Of all mainstream accessories, the hat has an impact beyond any other, revealing its wearer to be a Goddess or God.

I’ve been learning to felt, to make myself wool felt hats.

Above is the first top hat I made. Felting aside, it might be helpful to your creative process in general to know that after I finished the hat, it did not quite suit. But adding one more thing turned it into my magic Faerie top hat. So if you don’t like your designs, an addition might change that.

In my case, a button I’d designed was the right touch. (Plus I feel faaahhncy wearing a hat I designed ornamented by a button that’s also my design.) If you want to make buttons, I sent my graphics to excellent Deborah, who laser-engraved them on wood discs. Her shop is at https://www.etsy.com/shop/AlaskaLaserMaid

Okay, on to felting. The white fuzz on the hat is not fuzz, it’s glimmering strands called Angelina, which I worked into the wool. I couldn’t get a photo to catch the glimmer.

If you don’t know what felting is, you start with a relatively raw form of wool, such as roving. Basically, you aggravate that wool to form a flat felt sheet or to sculpt it into a shape such as a hat.

I wanted a wool top hat, but couldn’t find much online about felting a top hat shape, at least not anything viable in terms of my income or physical disabilities. Started experimenting and brainstorming. It worked, voilà top hat, I’m jazzed!
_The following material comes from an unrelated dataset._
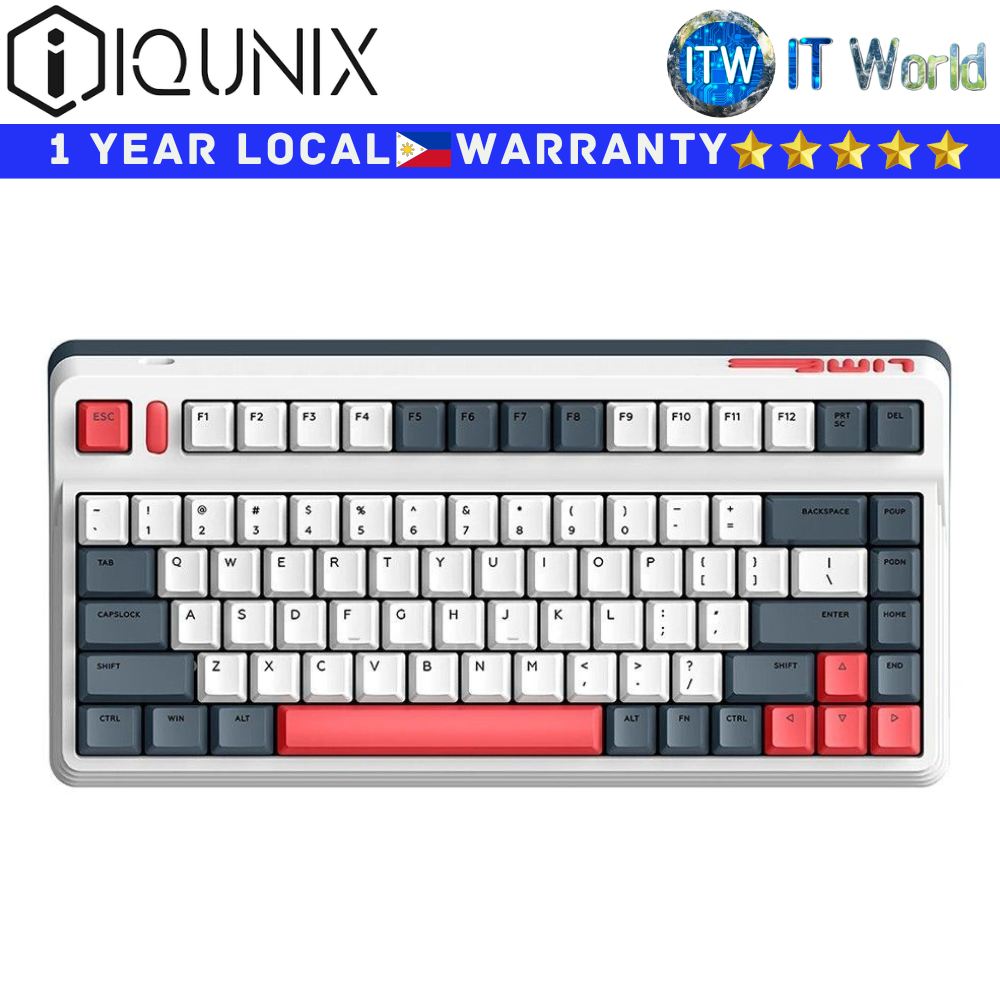 iQUNIX Wireless Mechanical Keyboard L80 RGB Backlight 83 Keys Hot-Swappable (Blue Switch)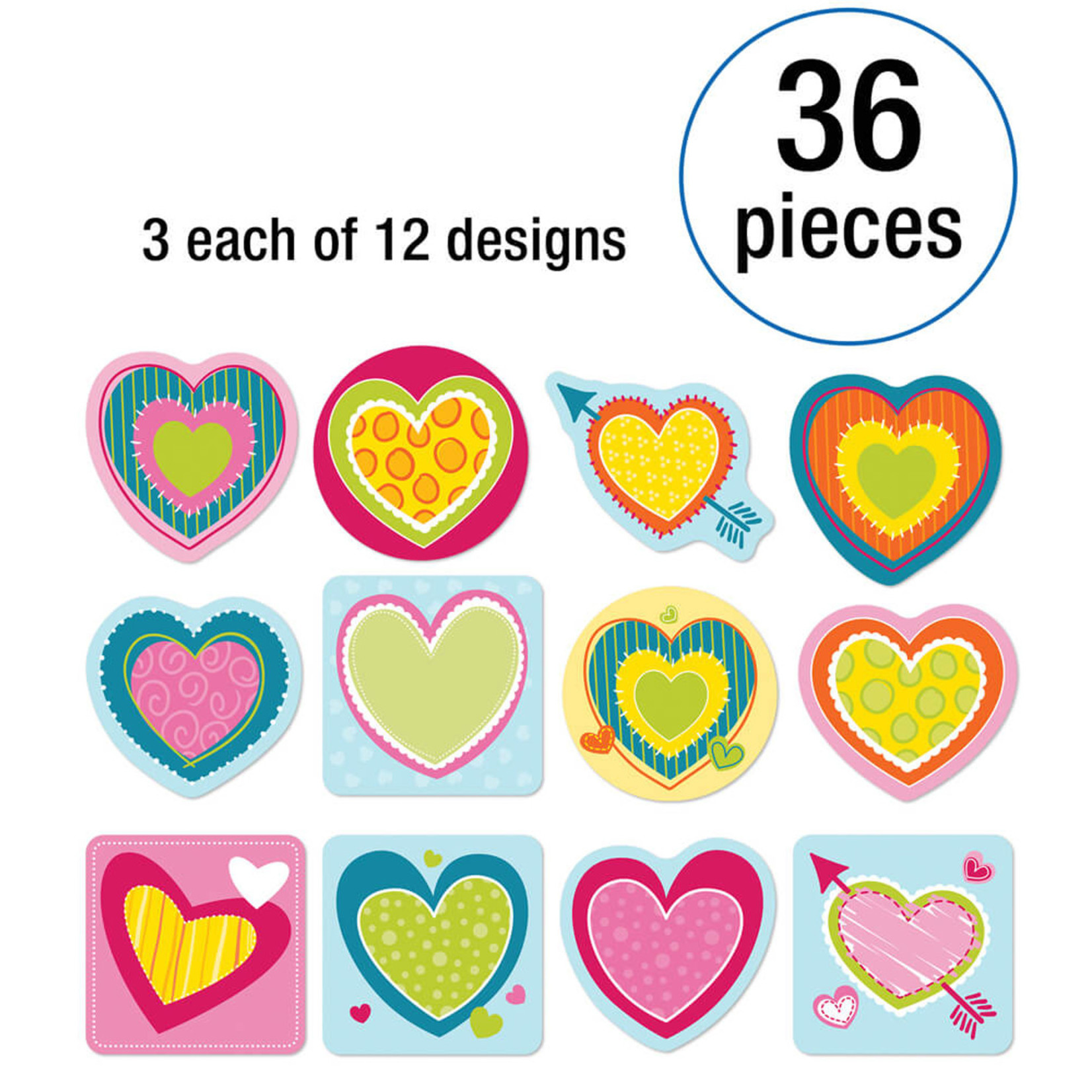 CARSON DELLOSA PUBLISHING CO Hearts Mini Cut-Outs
Here are a few of my steps. I hope they help you make a top hat. If you know basic needle felting and wet felting, and are adventurous in your creative process, what I figured out should take you a long way.

But first, another pic, because it shows a happy accident: the hat reminds me of one I saw in an old photo of a witch. I feel witchy!

FDG2016Tphat

I have a foam hat form meant for making hats by combining needle felting and wet felting. The form includes a crown form, a crown extender (in other words, it lets you create a higher crown), and—if you purchase it separately—a brim form.

The form’s crown and extender combined were not high enough for a top hat, but I started getting ideas. I asked Marie, who sells the form, if I could purchase an additional crown extender. The answer was no, because crown and extender are manufactured simultaneously. (But she did ask to see pictures if I figured out how to use the hat form to make a top hat. Marie, I hope you enjoy this blog.)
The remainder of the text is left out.